> _Work required_
Once you reach the line containing "mond casino no deposit bonus" in the data below, restate each line word for word up to and including the one containing "Lululemon Satin Shine".

Excerpted records below:

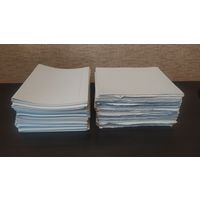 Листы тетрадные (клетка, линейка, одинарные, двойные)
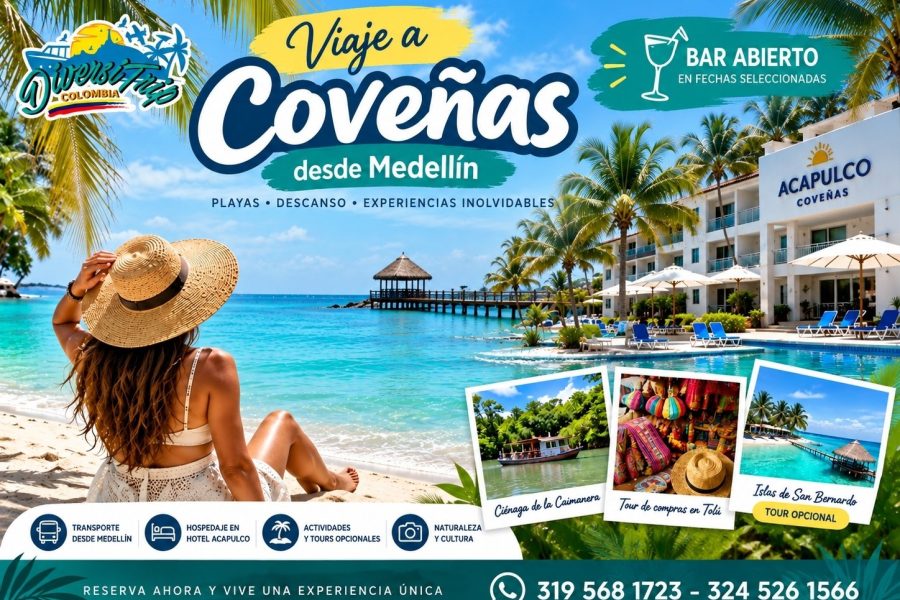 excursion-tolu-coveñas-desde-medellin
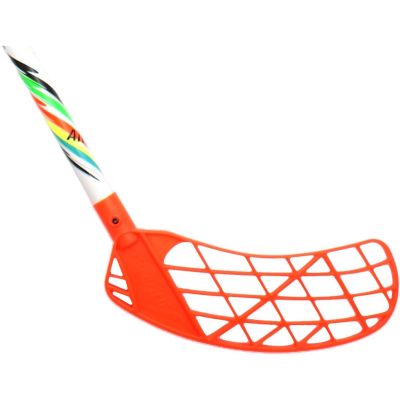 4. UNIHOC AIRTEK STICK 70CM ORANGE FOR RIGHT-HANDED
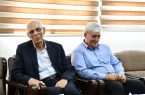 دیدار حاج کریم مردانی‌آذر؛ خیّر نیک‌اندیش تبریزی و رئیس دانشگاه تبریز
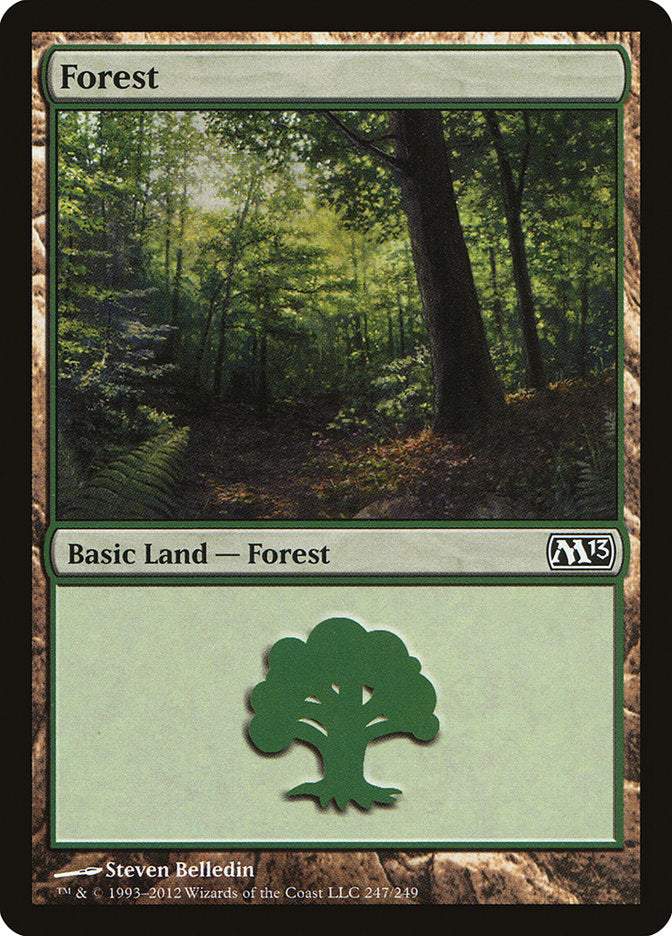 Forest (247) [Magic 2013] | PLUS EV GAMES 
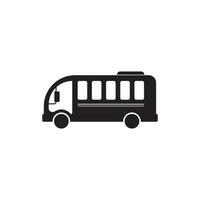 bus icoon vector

End of Excerpted records.
Excerpted records below:

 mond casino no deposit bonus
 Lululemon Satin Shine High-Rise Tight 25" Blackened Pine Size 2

End of Excerpted records.

> _Response for this exercise_
 mond casino no deposit bonus
 Lululemon Satin Shine High-Rise Tight 25" Blackened Pine Size 2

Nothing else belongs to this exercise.